The City of Alameda released a summary report this week on SunCal’s ballot initiative for Alameda Point. (Incidentally, we don’t see any indication of who within the City authored this report – the Planning Department? The City Attorney’s office?) Despite claims that the project will be “fiscally neutral” the report notes that the plan will create a total annual shortfall against the General Fund of $17.7 million over 15 years. It also explains that City fee exemptions on the project that SunCal wrote for themselves will exceed $80 million.

According to the summary, the $17.7 million shortfall is to be “mitigated” to achieve fiscal neutrality, but if and how that happens won’t be determined until the Development and Disposition Agreement (DDA) with the City is signed well after Alameda voters consider the plan in the November election.

And there is no mitigation for the estimated $82.4 million in Citywide Development Fees, Dwelling Unit Tax, Construction Improvement Tax and other fees that are waived under the ballot initiative. SunCal simply exempted themselves from having to pay those fees. An alternate development plan focused on adaptive re-use of the base and less housing could potentially generate some of those lost fees.

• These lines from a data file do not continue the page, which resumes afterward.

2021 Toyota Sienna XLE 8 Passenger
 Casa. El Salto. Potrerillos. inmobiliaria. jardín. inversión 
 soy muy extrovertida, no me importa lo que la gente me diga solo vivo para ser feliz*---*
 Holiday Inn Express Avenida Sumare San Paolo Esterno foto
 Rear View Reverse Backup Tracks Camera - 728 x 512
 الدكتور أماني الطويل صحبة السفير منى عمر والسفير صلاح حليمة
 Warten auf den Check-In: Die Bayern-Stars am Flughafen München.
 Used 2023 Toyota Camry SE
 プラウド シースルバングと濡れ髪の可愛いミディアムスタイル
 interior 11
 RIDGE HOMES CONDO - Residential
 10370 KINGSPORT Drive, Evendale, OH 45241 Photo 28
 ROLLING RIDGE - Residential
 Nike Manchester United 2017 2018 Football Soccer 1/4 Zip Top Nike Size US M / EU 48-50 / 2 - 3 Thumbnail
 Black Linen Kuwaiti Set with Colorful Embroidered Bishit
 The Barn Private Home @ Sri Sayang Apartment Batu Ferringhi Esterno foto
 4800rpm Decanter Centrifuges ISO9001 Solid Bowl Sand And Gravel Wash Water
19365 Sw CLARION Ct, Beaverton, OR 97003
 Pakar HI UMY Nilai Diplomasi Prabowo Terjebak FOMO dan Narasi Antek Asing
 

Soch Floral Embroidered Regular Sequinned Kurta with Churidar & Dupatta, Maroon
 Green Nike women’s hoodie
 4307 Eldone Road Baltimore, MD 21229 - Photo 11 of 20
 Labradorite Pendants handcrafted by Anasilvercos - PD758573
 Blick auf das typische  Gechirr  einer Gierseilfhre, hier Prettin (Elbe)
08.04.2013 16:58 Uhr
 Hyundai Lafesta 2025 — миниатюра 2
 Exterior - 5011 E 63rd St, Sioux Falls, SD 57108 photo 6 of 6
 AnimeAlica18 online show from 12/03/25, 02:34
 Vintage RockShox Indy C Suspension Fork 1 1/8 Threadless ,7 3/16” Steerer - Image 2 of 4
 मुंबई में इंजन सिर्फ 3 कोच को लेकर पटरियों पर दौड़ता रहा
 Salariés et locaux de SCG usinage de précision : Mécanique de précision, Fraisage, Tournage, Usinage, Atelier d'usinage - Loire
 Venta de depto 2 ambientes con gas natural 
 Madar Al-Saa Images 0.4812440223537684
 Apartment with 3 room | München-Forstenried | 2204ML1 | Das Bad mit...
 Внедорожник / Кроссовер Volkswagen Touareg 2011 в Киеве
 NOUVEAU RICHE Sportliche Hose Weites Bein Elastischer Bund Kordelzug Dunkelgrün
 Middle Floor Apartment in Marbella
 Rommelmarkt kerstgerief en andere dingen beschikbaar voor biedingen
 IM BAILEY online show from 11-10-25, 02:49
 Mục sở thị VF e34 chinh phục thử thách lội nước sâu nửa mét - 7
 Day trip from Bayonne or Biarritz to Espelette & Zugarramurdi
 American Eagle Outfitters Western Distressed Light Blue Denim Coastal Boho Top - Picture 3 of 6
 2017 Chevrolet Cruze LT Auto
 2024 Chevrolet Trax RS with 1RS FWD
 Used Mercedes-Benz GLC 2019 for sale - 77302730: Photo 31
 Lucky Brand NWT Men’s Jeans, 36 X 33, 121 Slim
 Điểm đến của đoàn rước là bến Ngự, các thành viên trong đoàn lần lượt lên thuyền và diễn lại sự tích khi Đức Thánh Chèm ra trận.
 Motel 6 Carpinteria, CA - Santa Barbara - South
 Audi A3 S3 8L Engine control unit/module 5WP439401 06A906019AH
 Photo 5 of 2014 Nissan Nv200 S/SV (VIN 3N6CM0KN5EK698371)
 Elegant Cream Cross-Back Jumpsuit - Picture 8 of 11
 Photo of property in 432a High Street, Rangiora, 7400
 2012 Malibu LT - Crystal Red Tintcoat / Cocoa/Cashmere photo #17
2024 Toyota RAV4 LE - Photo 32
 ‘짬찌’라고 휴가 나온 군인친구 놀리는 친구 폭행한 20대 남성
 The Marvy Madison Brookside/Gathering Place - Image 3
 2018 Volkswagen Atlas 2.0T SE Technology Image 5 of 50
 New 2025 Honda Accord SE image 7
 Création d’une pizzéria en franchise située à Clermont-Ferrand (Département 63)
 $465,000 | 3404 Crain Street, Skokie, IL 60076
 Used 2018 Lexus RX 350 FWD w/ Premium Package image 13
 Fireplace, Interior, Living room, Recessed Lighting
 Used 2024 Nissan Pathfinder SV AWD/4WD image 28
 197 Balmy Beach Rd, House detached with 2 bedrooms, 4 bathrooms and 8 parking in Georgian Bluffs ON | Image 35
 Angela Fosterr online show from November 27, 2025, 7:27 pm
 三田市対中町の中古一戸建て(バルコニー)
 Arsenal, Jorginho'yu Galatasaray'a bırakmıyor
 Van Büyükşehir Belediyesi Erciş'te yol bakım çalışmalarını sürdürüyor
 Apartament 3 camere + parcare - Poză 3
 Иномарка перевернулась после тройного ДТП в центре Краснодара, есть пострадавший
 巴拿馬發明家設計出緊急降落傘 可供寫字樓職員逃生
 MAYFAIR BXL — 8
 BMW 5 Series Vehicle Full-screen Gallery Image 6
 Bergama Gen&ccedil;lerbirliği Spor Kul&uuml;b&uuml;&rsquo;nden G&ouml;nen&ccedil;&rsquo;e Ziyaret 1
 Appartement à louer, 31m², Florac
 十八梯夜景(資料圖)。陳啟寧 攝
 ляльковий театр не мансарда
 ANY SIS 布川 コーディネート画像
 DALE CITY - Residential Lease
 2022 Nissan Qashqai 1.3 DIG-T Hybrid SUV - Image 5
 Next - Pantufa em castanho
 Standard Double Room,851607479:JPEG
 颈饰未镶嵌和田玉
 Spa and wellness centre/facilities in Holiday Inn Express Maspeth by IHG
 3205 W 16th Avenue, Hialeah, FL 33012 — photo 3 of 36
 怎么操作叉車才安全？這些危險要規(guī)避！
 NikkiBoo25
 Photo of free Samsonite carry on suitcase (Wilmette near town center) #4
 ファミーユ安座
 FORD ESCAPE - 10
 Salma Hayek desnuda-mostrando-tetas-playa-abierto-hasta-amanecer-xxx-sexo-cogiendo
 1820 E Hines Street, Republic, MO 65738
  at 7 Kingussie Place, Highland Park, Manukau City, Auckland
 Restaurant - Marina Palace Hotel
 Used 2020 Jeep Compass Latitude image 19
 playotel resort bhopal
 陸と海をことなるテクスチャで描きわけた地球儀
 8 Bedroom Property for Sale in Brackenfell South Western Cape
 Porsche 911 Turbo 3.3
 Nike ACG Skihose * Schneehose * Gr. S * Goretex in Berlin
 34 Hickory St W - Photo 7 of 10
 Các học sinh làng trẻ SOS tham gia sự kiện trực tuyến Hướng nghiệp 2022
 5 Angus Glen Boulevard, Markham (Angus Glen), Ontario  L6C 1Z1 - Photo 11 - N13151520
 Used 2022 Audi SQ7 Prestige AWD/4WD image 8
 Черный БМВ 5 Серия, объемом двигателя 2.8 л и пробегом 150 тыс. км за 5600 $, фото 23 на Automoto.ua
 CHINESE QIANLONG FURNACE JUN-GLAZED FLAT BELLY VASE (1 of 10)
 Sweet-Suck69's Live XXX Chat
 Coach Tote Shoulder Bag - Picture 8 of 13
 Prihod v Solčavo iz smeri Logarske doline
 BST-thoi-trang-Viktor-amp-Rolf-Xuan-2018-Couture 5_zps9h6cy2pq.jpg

Further, the report explains that the $200 million in promised funding for “public benefits” may not be enough to pay for everything promised, as there was no detail provided as to how much the promised sports complex, parks and open space, Seaplane Lagoon frontage, Bay Trail extension, transit improvements, Ferry terminal and transit hub and branch library will cost. But we already new that – the Civic Center Parking Garage and Alameda Cineplex cost $40 million – it’s highly unlikely that the $200 million that SunCal promises will be enough to pay for everything they are promising. And anyway, the $200 million they promise is contingent on roughly $200 million of tax-increment financing funded by future Alameda property tax payers. This structure ensures that SunCal will get the full amount of the tax-increment financing they demand, but does not ensure that $200 million is enough to cover the promised public benefits.